The move will further the development of its equity markets and give young private enterprises an additional source of funds, said analysts.
The China Securities Regulatory Commission issued the new rules Tuesday governing initial public offerings on the new trading board, to be created on the Shenzhen Stock Exchange.
Under the terms, companies seeking to raise funds via an IPO must have been profitable for two years with accumulated profits of 10 million yuan ($1.46 million).
Those requirements are significant easing from current rules, calling for a profitable record of three years with at least 30 million yuan in profits.
The new rules take effect May 1, clearing the path for the introduction of the much-awaited trading platform, to be known as the Growth Enterprise Market.
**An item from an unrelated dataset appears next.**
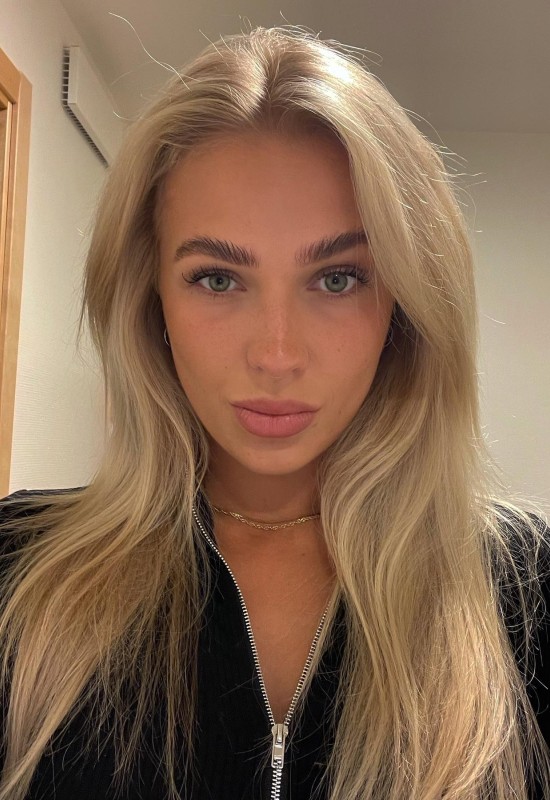 Svetlana • 32 • Ukraine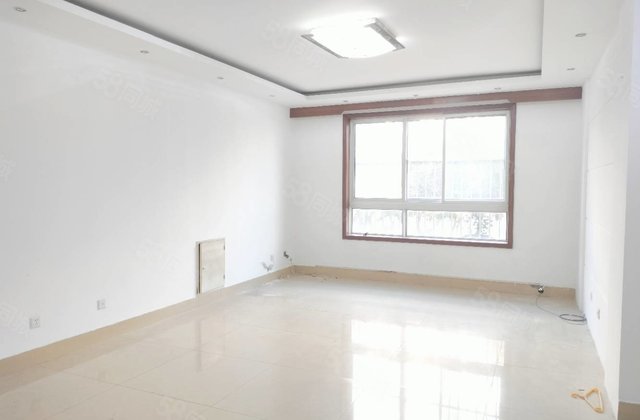 湖边，名人苑二期，电梯洋房，多层1楼，三室朝阳，双卫，送储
“We take the launch of a second board as a long-term positive to the economy, as it provides a much-needed exit mechanism for investors in high growth, small and medium enterprises, and should thus encourage further investments in the SME sector,” Deutsche Bank wrote in a report.
The announcement boosted shares of Chinese brokerages Tuesday on hopes it will expand the number of traded securities and improve trading volumes.
“We believe this also demonstrates [Chinese regulators’] commitment to continued capital market development/reform, which should help investor sentiment on China brokers,” Goldman Sachs wrote in a report. “We believe second-tier brokers such as Everbright and Haitong could benefit more from the launch of the [trading platform].”